* _Directions for this task_
Please transcribe every record below exactly, leaving out the pictures.

-- -- --

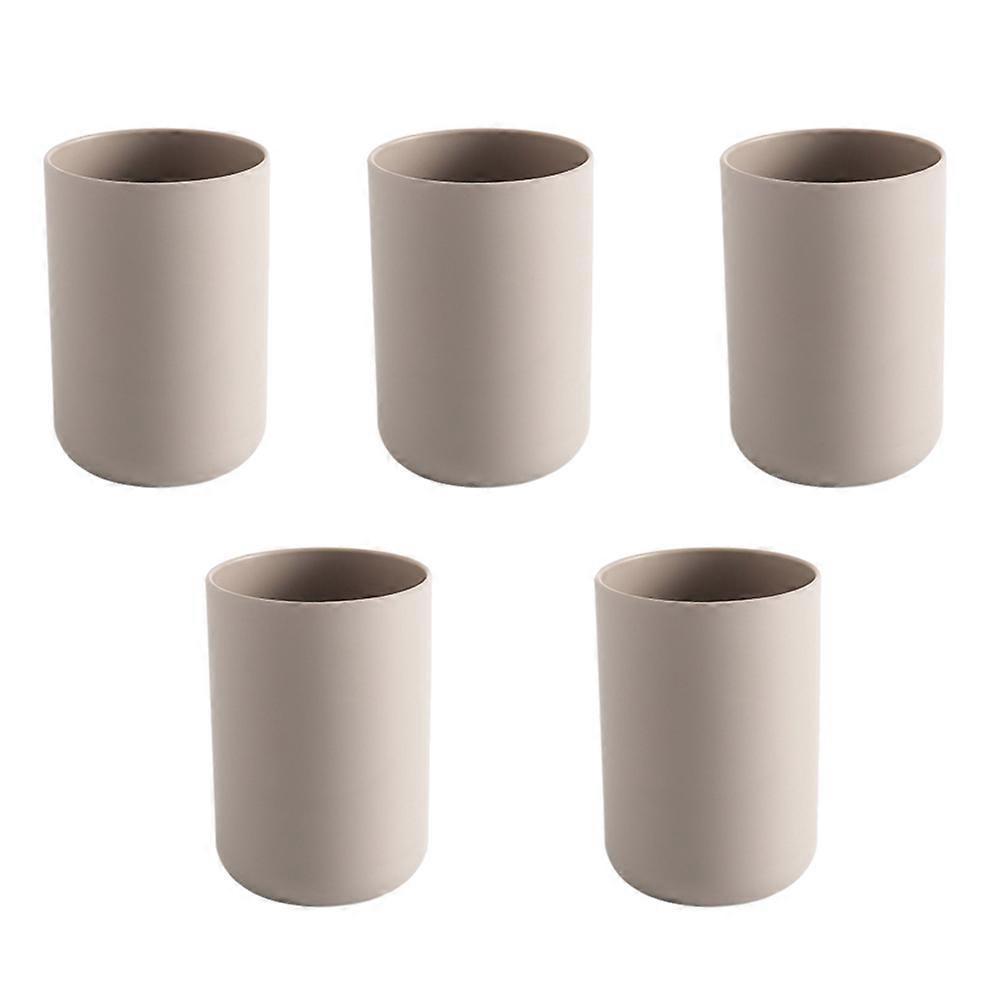 Toothbrush Cup for Bathroom Made of Plastic in Coffee Color Simple Design Perfect for Travel and Daily Use 5 Pieces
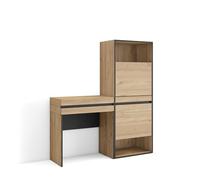 Skraut Home | Consolle Ingresso | Mobile ingresso corridoio | 130x145x35 cm | Con cassetto | Scarpiera | Stile moderno | Rovere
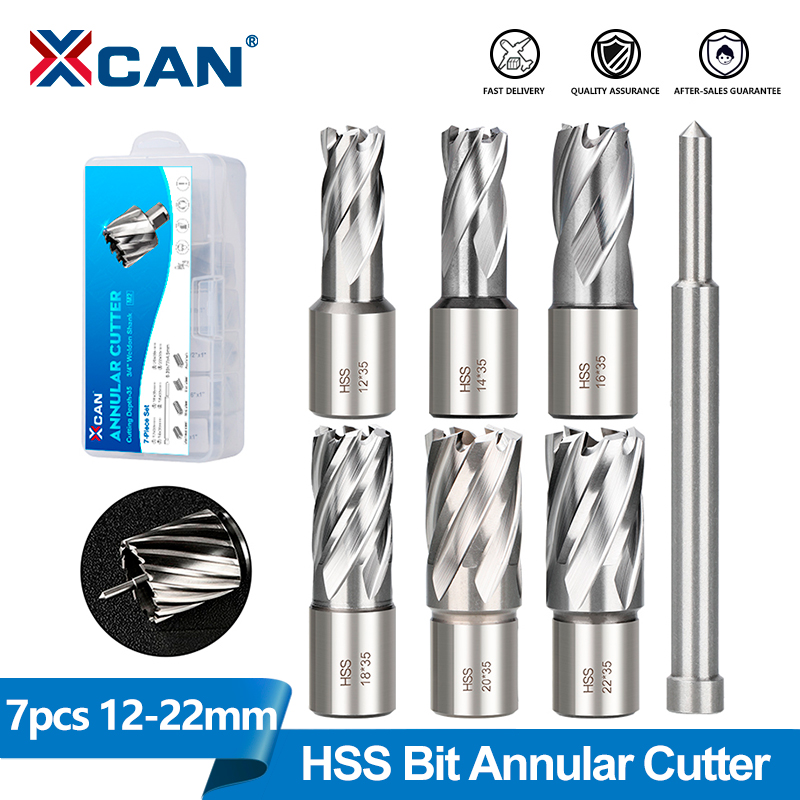 Magnetic Drill Press - XCAN 7개입 12-22mm HSS 코어 드릴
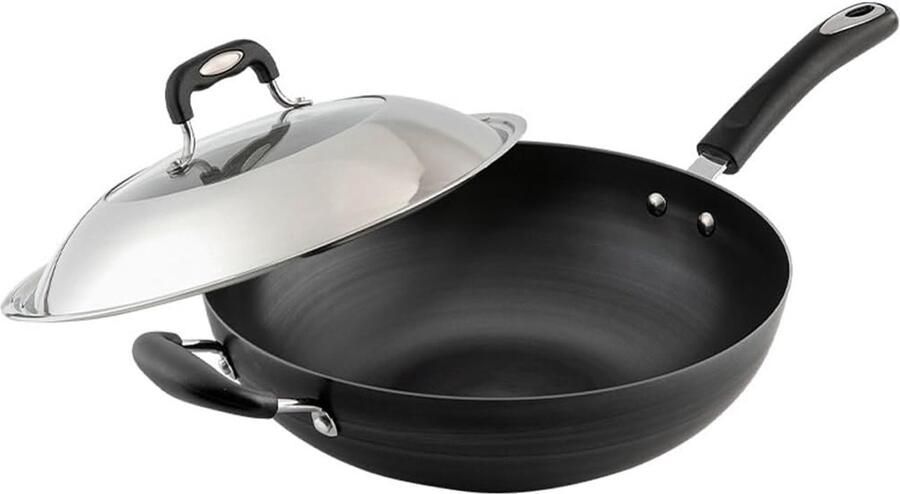 Wok Pan Roerbakpan IJzer Aziatisch Koken Snelle Warmteoverdracht 34CM Zwart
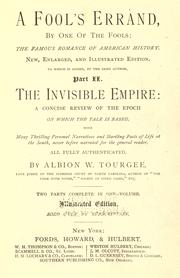 Front cover of A fool's errand by Albion Winegar Tourgée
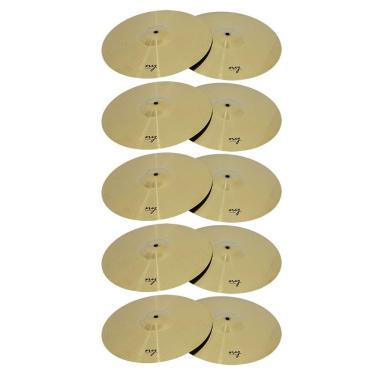 Imagem de Kit 5 Pares de Pratos de Bateria Chimbal 14" Liga de Aço New York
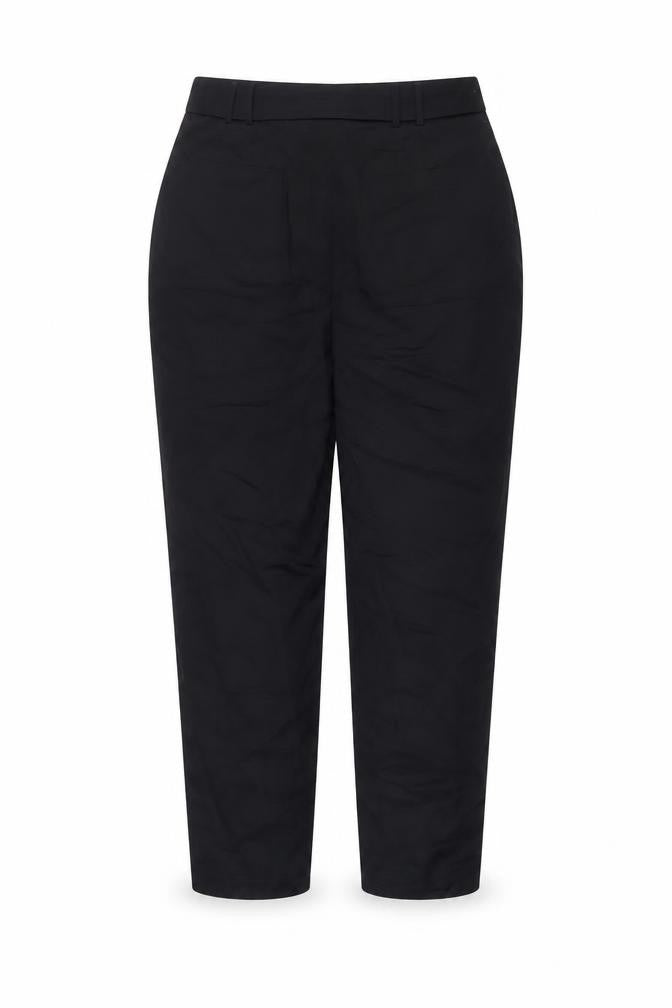 Front view of Ted Baker Women's Black Cotton Belted Trousers, size 4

-- -- --

* _Exercise output_
 Toothbrush Cup for Bathroom Made of Plastic in Coffee Color Simple Design Perfect for Travel and Daily Use 5 Pieces
 Skraut Home | Consolle Ingresso | Mobile ingresso corridoio | 130x145x35 cm | Con cassetto | Scarpiera | Stile moderno | Rovere
 Magnetic Drill Press - XCAN 7개입 12-22mm HSS 코어 드릴
 Wok Pan Roerbakpan IJzer Aziatisch Koken Snelle Warmteoverdracht 34CM Zwart
 Front cover of A fool's errand by Albion Winegar Tourgée
 Imagem de Kit 5 Pares de Pratos de Bateria Chimbal 14" Liga de Aço New York
 Front view of Ted Baker Women's Black Cotton Belted Trousers, size 4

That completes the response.